Restart Tomcat from JSP
Hi,
I have the following requirement. I need to restart the server after I do some report generation.
If I click some button on my web page. It should shutdown the server and restart it.
I can stop the server by coding <% System.exit(1) %>. But after I close I need to restart it. Can we execute batch script to execute shutdown.bat and startup.bat of tomcat in that sequence to do this?
Thanks
[429 byte] By [
j_thomasa] at [2007-11-27 11:40:33]

When you shutdown the server, that's it. Code running in the server can't then start it up again. Because it's not running any more.
Why do you think you need to do this "after some report generation" anyway?

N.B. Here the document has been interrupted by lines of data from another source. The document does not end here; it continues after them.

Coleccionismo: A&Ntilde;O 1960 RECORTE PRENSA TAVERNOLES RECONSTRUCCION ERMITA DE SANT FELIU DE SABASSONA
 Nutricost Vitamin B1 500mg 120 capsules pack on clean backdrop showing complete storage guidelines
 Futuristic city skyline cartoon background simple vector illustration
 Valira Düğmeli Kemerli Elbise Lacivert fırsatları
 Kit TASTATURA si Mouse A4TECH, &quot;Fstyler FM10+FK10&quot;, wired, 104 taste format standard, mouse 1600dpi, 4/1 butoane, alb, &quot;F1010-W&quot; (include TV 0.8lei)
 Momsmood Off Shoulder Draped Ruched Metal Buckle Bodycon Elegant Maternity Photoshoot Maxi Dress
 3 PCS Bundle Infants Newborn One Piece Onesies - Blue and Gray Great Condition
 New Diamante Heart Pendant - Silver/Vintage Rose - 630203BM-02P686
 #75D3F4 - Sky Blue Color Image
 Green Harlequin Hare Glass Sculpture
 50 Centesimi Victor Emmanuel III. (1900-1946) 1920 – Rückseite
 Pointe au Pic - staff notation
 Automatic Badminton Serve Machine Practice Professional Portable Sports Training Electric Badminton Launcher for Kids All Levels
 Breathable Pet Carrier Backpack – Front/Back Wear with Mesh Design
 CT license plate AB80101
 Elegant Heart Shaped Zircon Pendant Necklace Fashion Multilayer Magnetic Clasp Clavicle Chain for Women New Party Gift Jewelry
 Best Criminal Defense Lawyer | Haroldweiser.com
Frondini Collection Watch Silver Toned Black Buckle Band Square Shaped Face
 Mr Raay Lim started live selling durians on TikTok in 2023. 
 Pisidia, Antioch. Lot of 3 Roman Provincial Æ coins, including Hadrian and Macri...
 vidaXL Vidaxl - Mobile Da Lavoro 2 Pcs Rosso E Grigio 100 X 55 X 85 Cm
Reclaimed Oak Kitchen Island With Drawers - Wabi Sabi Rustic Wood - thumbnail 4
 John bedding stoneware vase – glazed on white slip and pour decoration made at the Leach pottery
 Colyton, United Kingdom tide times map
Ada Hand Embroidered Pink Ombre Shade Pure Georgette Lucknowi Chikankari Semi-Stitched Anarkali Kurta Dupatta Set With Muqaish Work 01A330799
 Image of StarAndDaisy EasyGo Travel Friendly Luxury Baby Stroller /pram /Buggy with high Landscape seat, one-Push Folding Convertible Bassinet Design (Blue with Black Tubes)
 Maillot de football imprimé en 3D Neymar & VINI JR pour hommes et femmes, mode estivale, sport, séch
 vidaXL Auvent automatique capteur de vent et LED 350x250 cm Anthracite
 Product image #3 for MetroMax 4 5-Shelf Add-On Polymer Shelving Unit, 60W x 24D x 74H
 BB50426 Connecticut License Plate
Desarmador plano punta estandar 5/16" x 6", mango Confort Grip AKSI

If it's tomcat, tomcat has it's own admin port. Use that to stop and restart your application, if you feel this is truely needed. Restarting the app server is definately not needed, and restarting your app should not be needed, but, in either case, it should not be done from one of the applications, use Tomcats admin portal.
Actually after generating the report the tomcat server becomes too slow. So we have to manually restart it. I am thinking of some way to automate it.
> Actually after generating the report the tomcat
> server becomes too slow. So we have to manually
> restart it. I am thinking of some way to automate it.
Fix the problem, don't work around it! It's something wrong with your application
One possiblitly is that you are caching too many things, either in application or session context, or possibly even only as instance variables. Write a method to clear these things, and your problem may go away. It could also have to do with simply accessing a bunch of resources to generate the report and never releasing those resources.
In any case, the problem is probably not Tomcat, but (and I don't mean to offend, but it is the way it is) sloppy or innefficient coding on the part of the application.
I am a mainframe personnel working on CR in a Java application. (Not much depth in java plus no idea who coded this application)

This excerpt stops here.